**ABOUT THIS TASK**
Please make an exact copy of the listing, without the pictures.

**MATERIAL FOR THIS TASK**
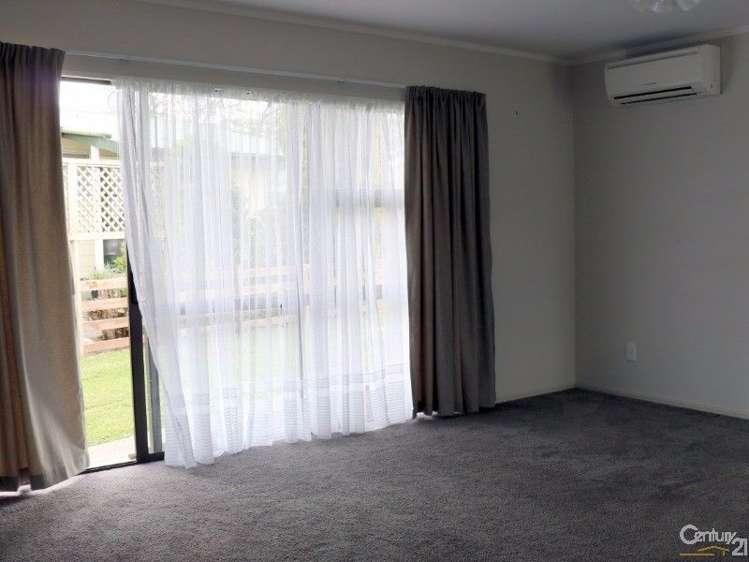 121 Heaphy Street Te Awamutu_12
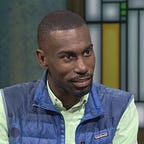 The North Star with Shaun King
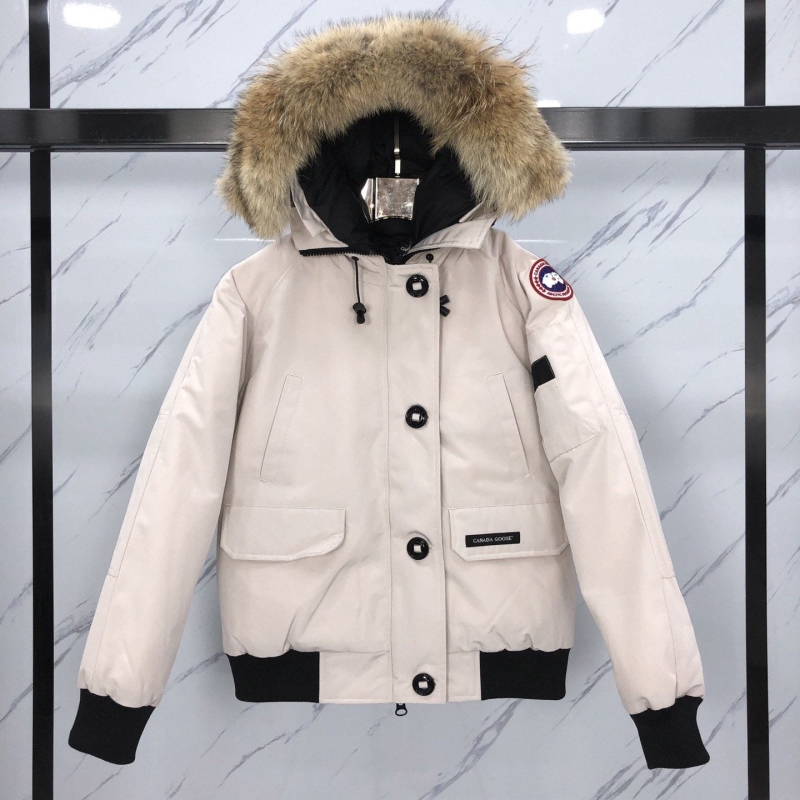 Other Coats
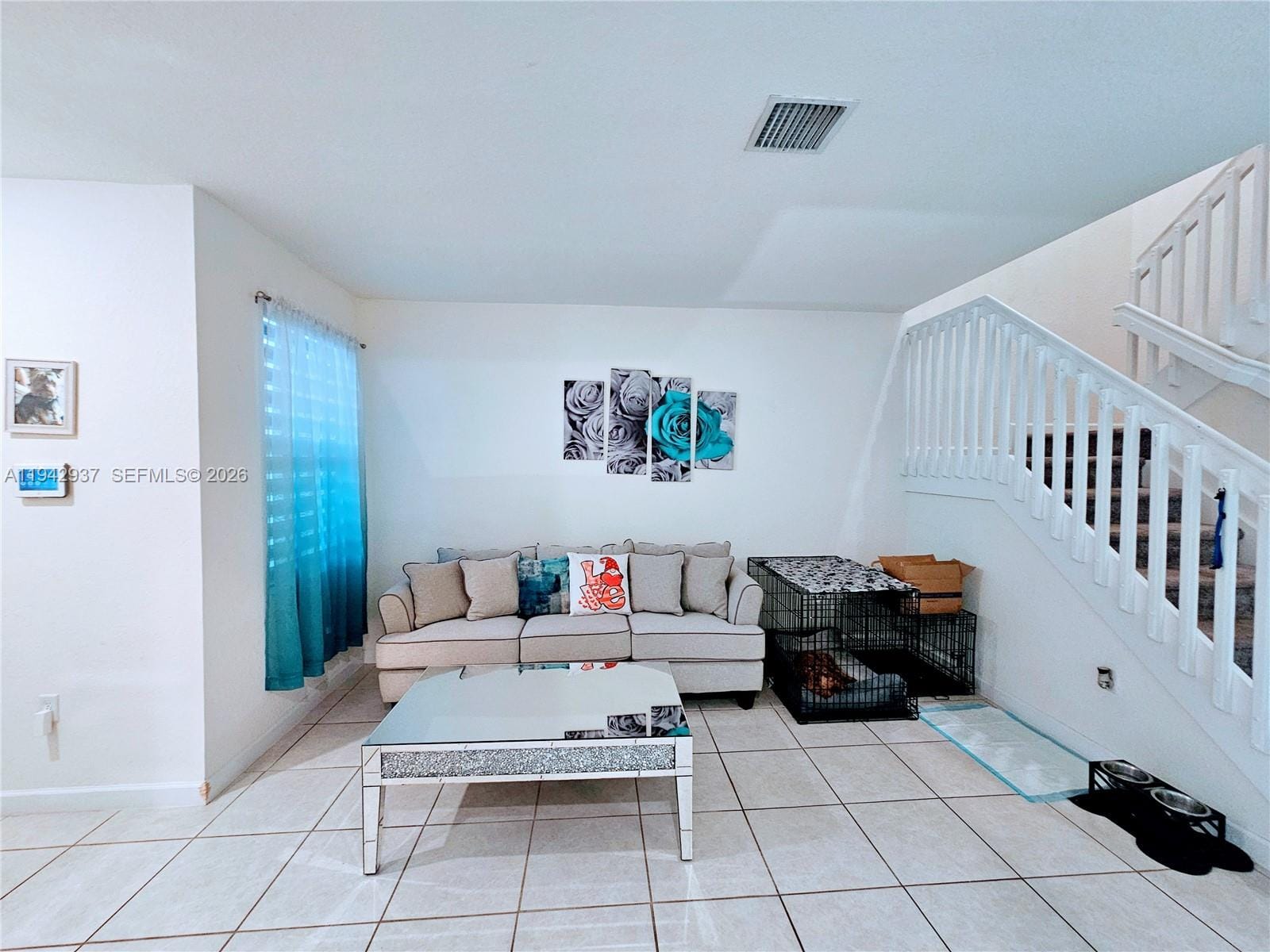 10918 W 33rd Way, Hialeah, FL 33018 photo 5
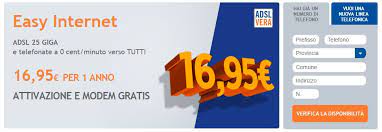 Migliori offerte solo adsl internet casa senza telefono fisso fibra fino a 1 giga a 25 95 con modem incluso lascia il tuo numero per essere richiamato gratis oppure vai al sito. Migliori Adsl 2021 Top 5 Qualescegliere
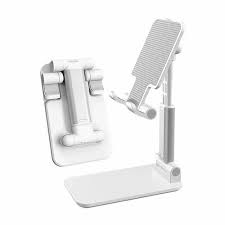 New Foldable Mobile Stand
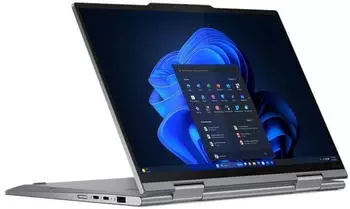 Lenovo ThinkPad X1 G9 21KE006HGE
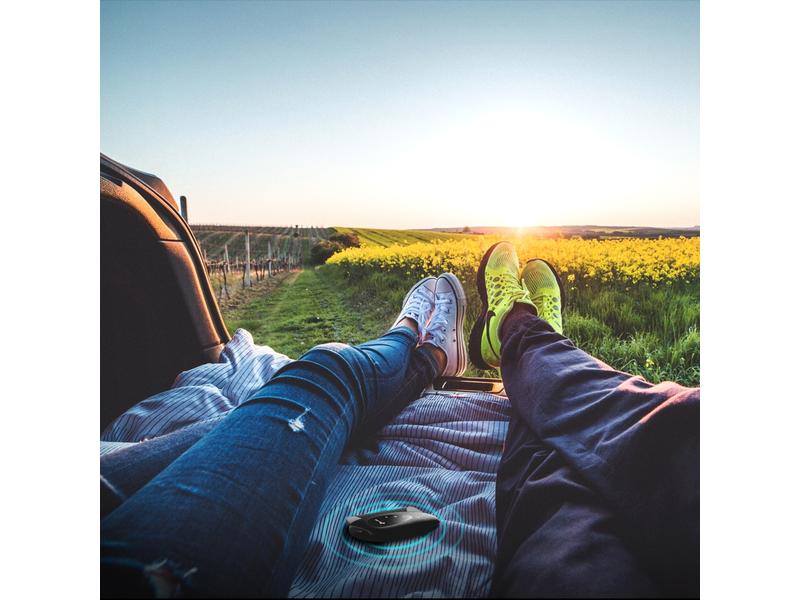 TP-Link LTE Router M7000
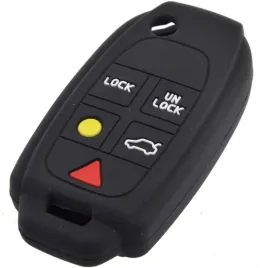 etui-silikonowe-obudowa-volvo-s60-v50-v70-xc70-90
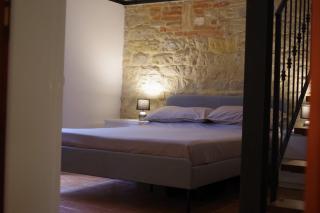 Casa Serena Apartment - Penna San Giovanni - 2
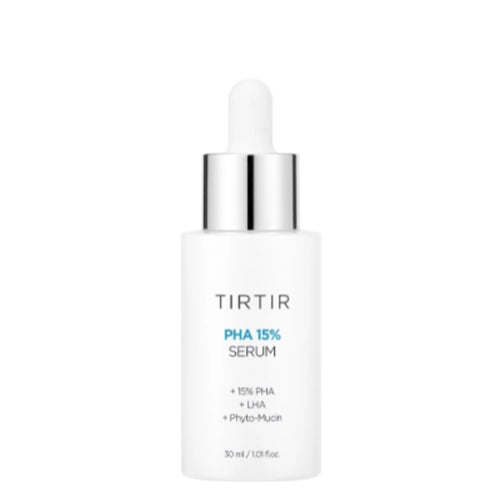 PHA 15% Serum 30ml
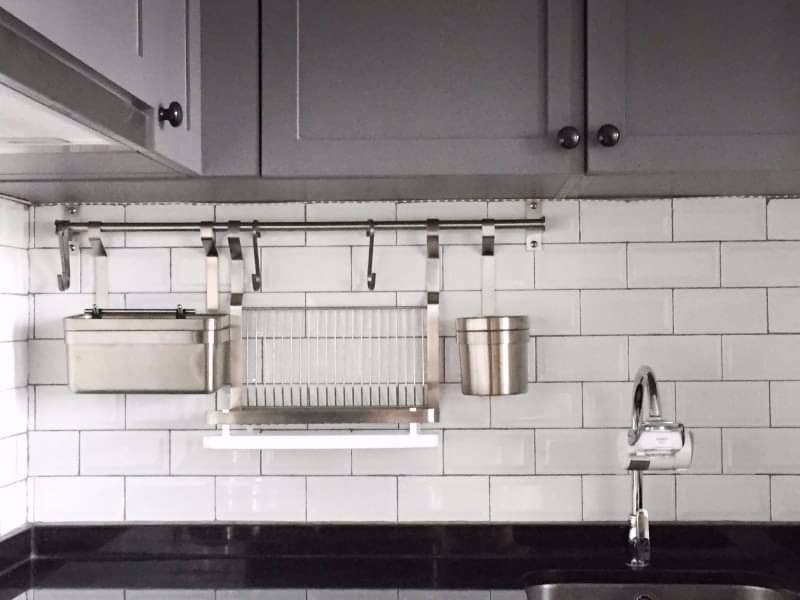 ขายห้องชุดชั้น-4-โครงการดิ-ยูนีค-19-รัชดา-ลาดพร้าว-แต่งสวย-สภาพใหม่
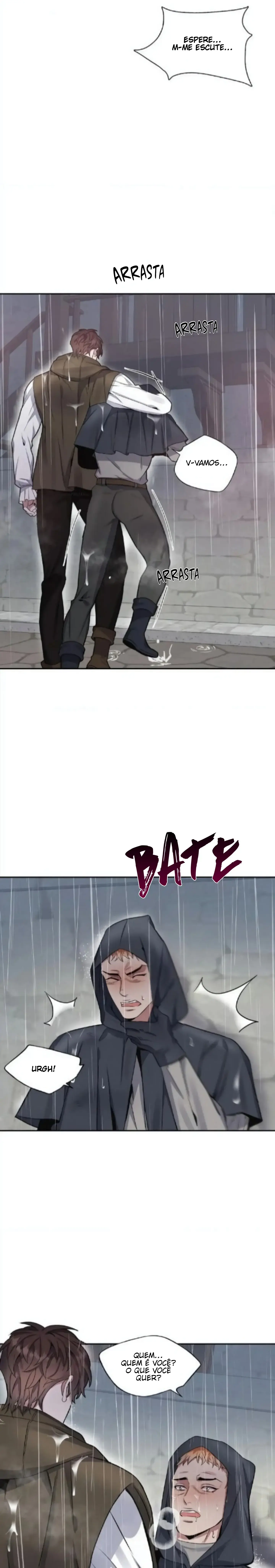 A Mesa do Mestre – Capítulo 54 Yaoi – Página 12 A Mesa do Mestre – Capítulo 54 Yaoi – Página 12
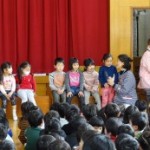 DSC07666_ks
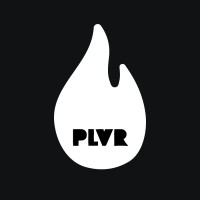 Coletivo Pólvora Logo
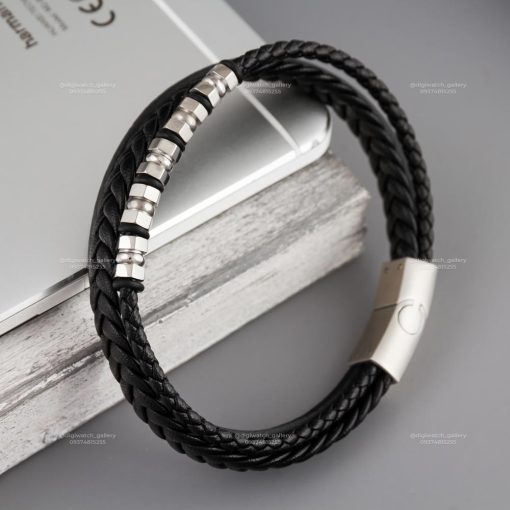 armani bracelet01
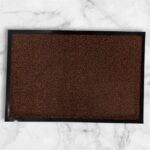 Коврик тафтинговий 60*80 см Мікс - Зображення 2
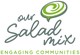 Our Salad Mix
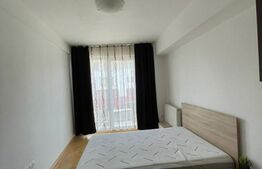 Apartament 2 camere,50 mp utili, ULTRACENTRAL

**REPLY**
 121 Heaphy Street Te Awamutu_12
 The North Star with Shaun King
 Other Coats
 10918 W 33rd Way, Hialeah, FL 33018 photo 5
 Migliori offerte solo adsl internet casa senza telefono fisso fibra fino a 1 giga a 25 95 con modem incluso lascia il tuo numero per essere richiamato gratis oppure vai al sito. Migliori Adsl 2021 Top 5 Qualescegliere
 New Foldable Mobile Stand
 Lenovo ThinkPad X1 G9 21KE006HGE
 TP-Link LTE Router M7000
 etui-silikonowe-obudowa-volvo-s60-v50-v70-xc70-90
 Casa Serena Apartment - Penna San Giovanni - 2
 PHA 15% Serum 30ml
 ขายห้องชุดชั้น-4-โครงการดิ-ยูนีค-19-รัชดา-ลาดพร้าว-แต่งสวย-สภาพใหม่
 A Mesa do Mestre – Capítulo 54 Yaoi – Página 12 A Mesa do Mestre – Capítulo 54 Yaoi – Página 12
 DSC07666_ks
 Coletivo Pólvora Logo
 armani bracelet01
 Коврик тафтинговий 60*80 см Мікс - Зображення 2
 Our Salad Mix
 Apartament 2 camere,50 mp utili, ULTRACENTRAL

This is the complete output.